Preparation of enone 5 for the synthetic Δ ¹² -PGJ ₃ (1) and its methyl ester 2 from 2-cyclopentenone (10, commercially available) is shown in Scheme 1. Thus, reduction of 10 with LiAlH ₄ followed by acetylation (Ac ₂ O, DMAP, Et ₃ N) led to allylic acetate 7 (67% yield over 2 steps). The latter enantioselective Tsuji-Trost reaction of ((S, S) -DACH- phenyl bets lost ligands, allyl palladium (II) chloride dimer, malonic acid dimethyl, _Cs 2 CO ₃₎ (Trost and Bunt, 1996; By Miyazaki et al., 2007) and one enantiomerically enriched malonate adduct 11 (71% yield, 97% ee, optical rotation reported for the other enantiomer (Miyazaki et al., 2007)) Assignment) was obtained. One decarboxylation of the methyl ester at 11 (KI, DMI: H ₂ O, 10: 1, 130 ° C., 94% yield) is the basis for the stage for the supposed allylic oxidation. Under optimized conditions (Catino et _{al., 2004)} with (Rh 2 (cap) 4, t-BuOOH, K 2 CO 3), to give the desired oxidation product in 48% yield. In preparation for the next Wittig reaction, protection of the allyl alcohol thus obtained as a Luche reduction of enone 13 (Luche, 1978) (NaBH ₄ , CeCl ₃ ) and t-butyldimethylsilyl ether provides two steps. Intermediate 6 (as a mixture of epimers, the major one retains the syn-configuration as expected from the perspective of the conformation; inconsequential) was obtained in 75% yield relative to. Selective partial reduction of methyl ester to aldehyde (DIBAl-H) in 6 and {5-[(4-methoxybenzyl) oxy] pentyl} triphenyl-phosphonium iodide and ylide generated from NaHMDS at low temperature Exposure gave alkene 14 with high (Z) -selectivity (≧ 10: 1, judged by ¹ H-NMR). Removal of the TBS-protecting group (TBAF, 91% yield) and oxidation (PCC, 93%) gave enone 5 as a single isomer after chromatography.

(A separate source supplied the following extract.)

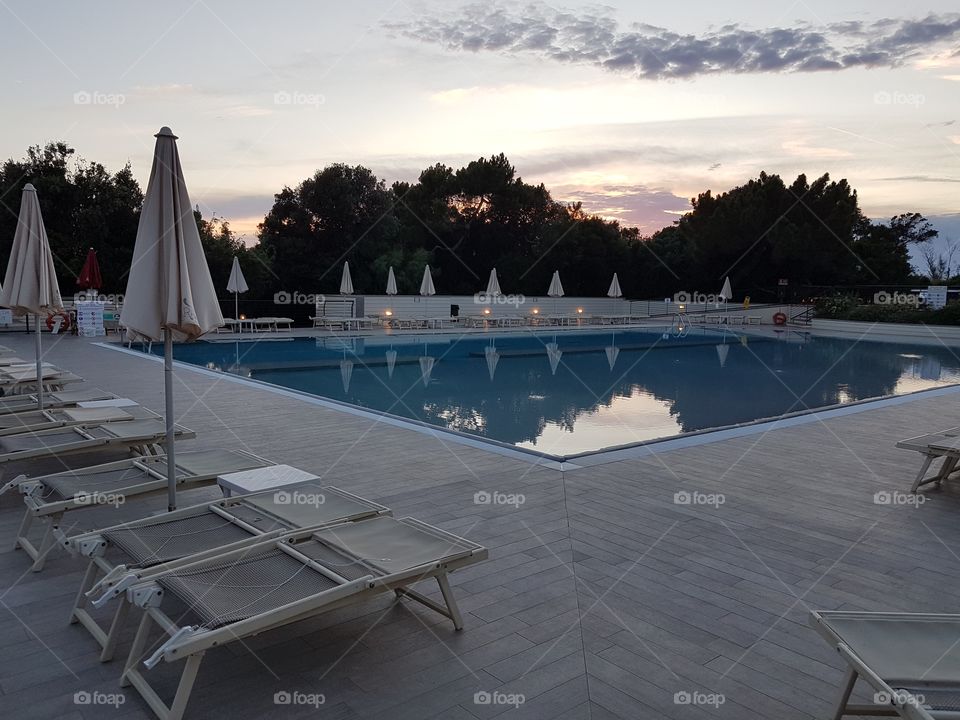 Empty swimming pool at sunset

The preparation of aldehyde 8 for aldol addition to enone 5 is shown in Scheme 2. Thus, Dess-Martin oxidation of 3-hexyn-1-ol (16) (Dess and Martin, 1983) gave hex-3-inal (9, 95% yield) (Wavrin and Viala, 2002). The latter was used immediately for the enantioselective Mukaiyama aldol reaction using (R) -NOBIN catalyst (Carreira et al., 1994) (see Scheme 3) and trimethylsilyl acetal of benzyl acetate (Kiyooka et al., 2010), after treatment with TBAF. The enantiomerically enriched β-hydroxy ester 17 was obtained in 72% yield and ≧ 95% ee as judged by ¹⁹ F-NMR of the corresponding Mosher ester. Full Moscher analysis (Hoye et al., 2007) clearly confirmed that the 17 absolute configuration is (3S). The β-hydroxy group in 17 is then protected to give silyl ether 18 (88% yield), and the alkyne moiety in 18 is partially hydrogenated using Lindlar catalyst and quinoline to produce the only product The desired (Z) -olefin was obtained as (99% yield) and finally the reduction of the benzyl ester moiety in 19 with DIBAl-H revealed an aldehyde group (89% yield).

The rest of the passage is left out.